**Your assignment**
Below are records to repeat exactly; copy them without the pictures.

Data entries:
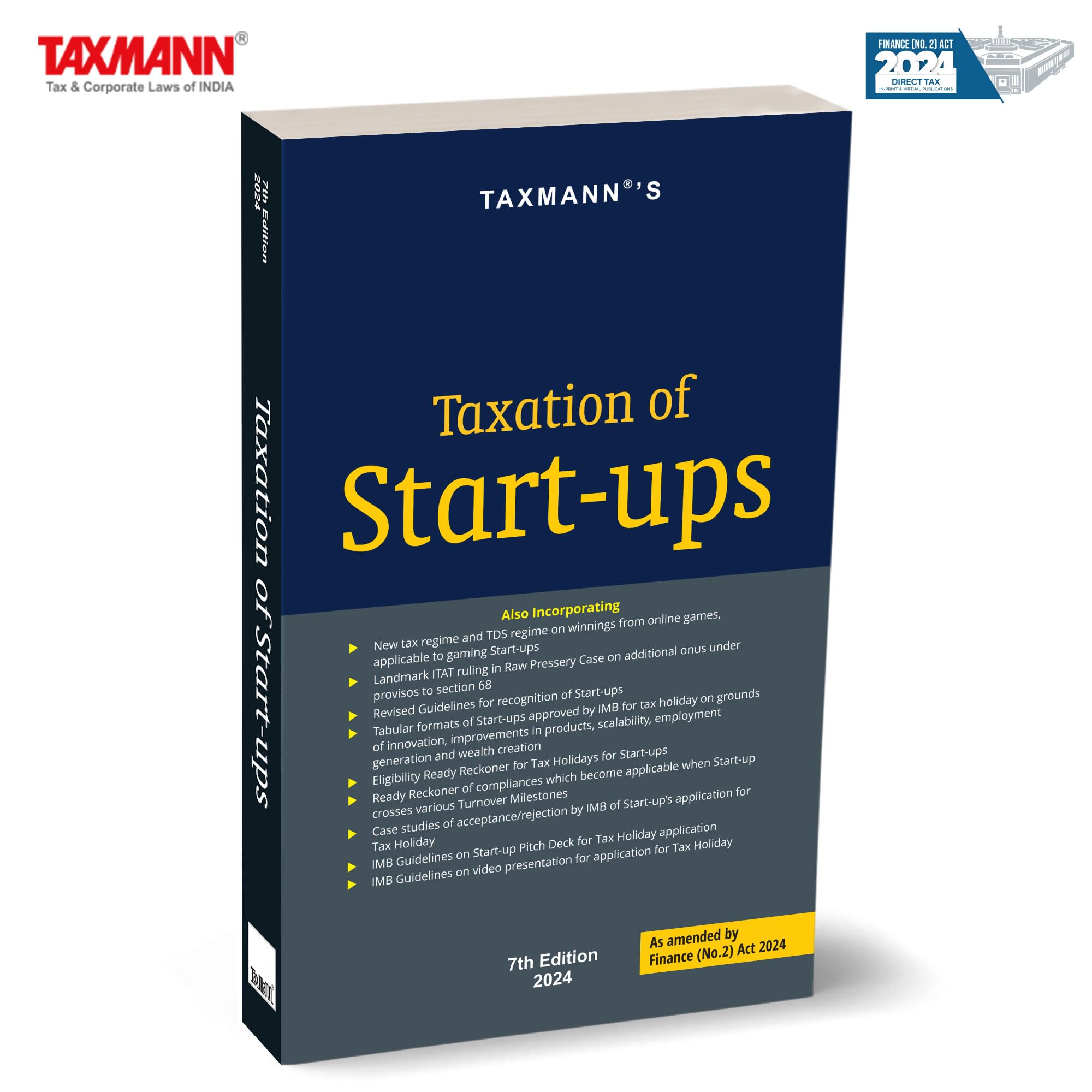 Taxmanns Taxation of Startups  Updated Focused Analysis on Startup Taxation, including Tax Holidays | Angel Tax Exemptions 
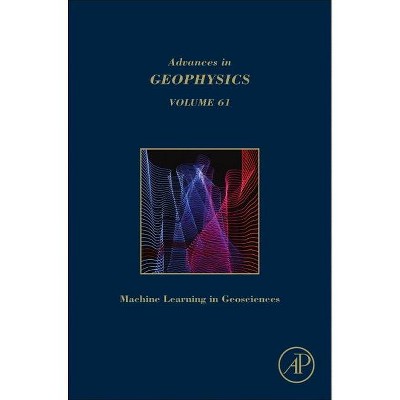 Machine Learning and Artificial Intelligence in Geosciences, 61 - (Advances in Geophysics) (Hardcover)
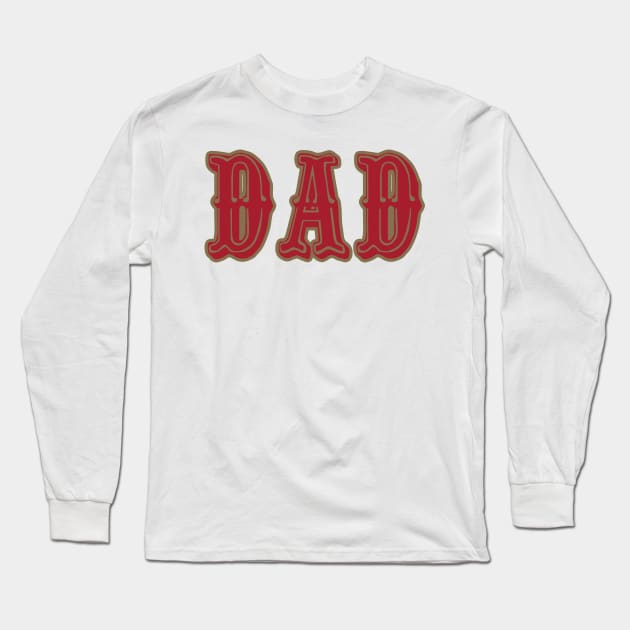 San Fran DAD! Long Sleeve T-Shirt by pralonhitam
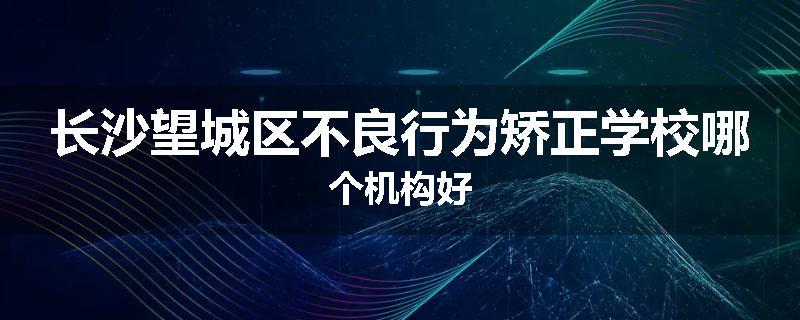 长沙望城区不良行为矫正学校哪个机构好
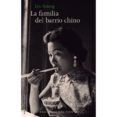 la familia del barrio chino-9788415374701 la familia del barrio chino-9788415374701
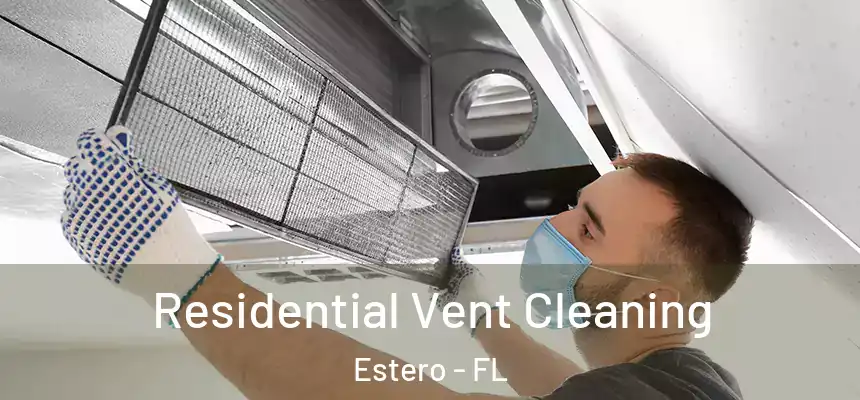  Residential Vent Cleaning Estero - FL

**Written solution**
 Taxmanns Taxation of Startups  Updated Focused Analysis on Startup Taxation, including Tax Holidays | Angel Tax Exemptions 
 Machine Learning and Artificial Intelligence in Geosciences, 61 - (Advances in Geophysics) (Hardcover)
 San Fran DAD! Long Sleeve T-Shirt by pralonhitam
 长沙望城区不良行为矫正学校哪个机构好
 la familia del barrio chino-9788415374701 la familia del barrio chino-9788415374701
  Residential Vent Cleaning Estero - FL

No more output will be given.